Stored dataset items
-- Opening Marker --
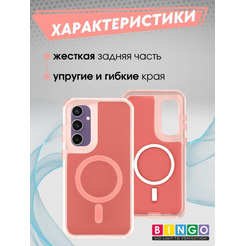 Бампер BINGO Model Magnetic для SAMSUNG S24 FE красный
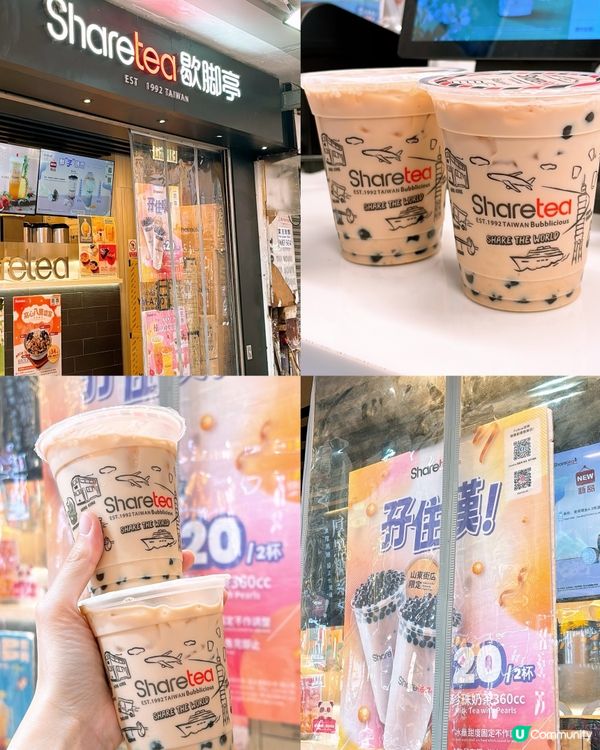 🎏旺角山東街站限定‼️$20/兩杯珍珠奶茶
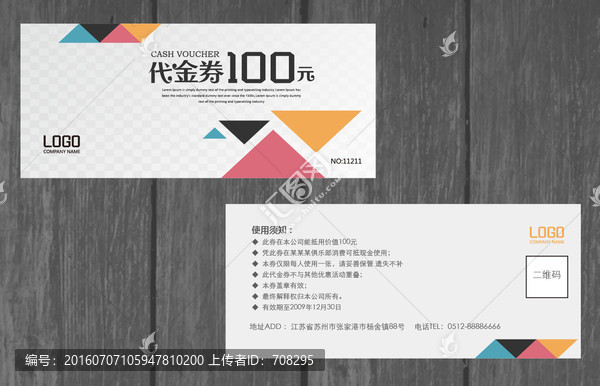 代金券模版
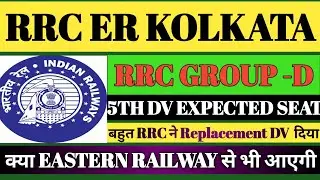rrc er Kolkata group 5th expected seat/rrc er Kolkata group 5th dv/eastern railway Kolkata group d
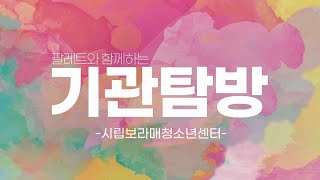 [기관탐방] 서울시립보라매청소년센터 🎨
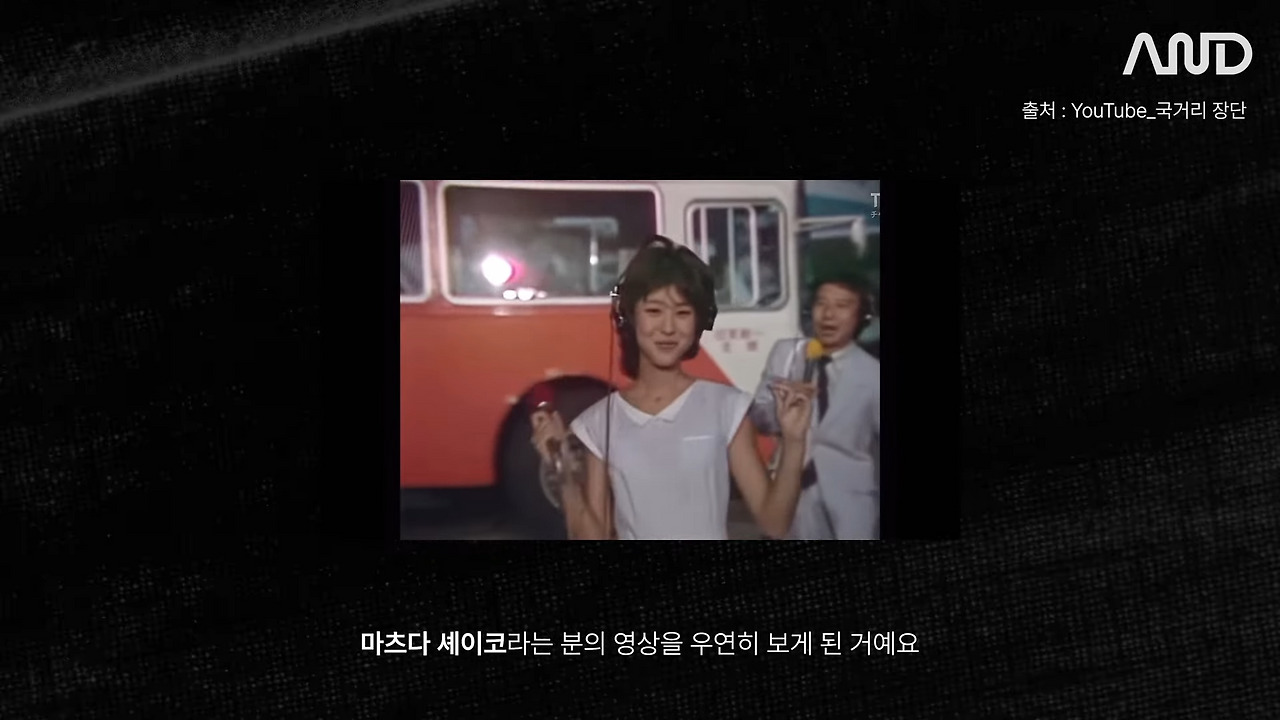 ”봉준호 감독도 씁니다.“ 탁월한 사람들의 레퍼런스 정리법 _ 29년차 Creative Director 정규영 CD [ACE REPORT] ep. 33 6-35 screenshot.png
-- Closing Marker --
EXERCISE DIRECTIONS: Copy out all the data exactly. The images should not appear in the copy.

RESPONSE AREA:
 Бампер BINGO Model Magnetic для SAMSUNG S24 FE красный
 🎏旺角山東街站限定‼️$20/兩杯珍珠奶茶
 代金券模版
rrc er Kolkata group 5th expected seat/rrc er Kolkata group 5th dv/eastern railway Kolkata group d
 [기관탐방] 서울시립보라매청소년센터 🎨
 ”봉준호 감독도 씁니다.“ 탁월한 사람들의 레퍼런스 정리법 _ 29년차 Creative Director 정규영 CD [ACE REPORT] ep. 33 6-35 screenshot.png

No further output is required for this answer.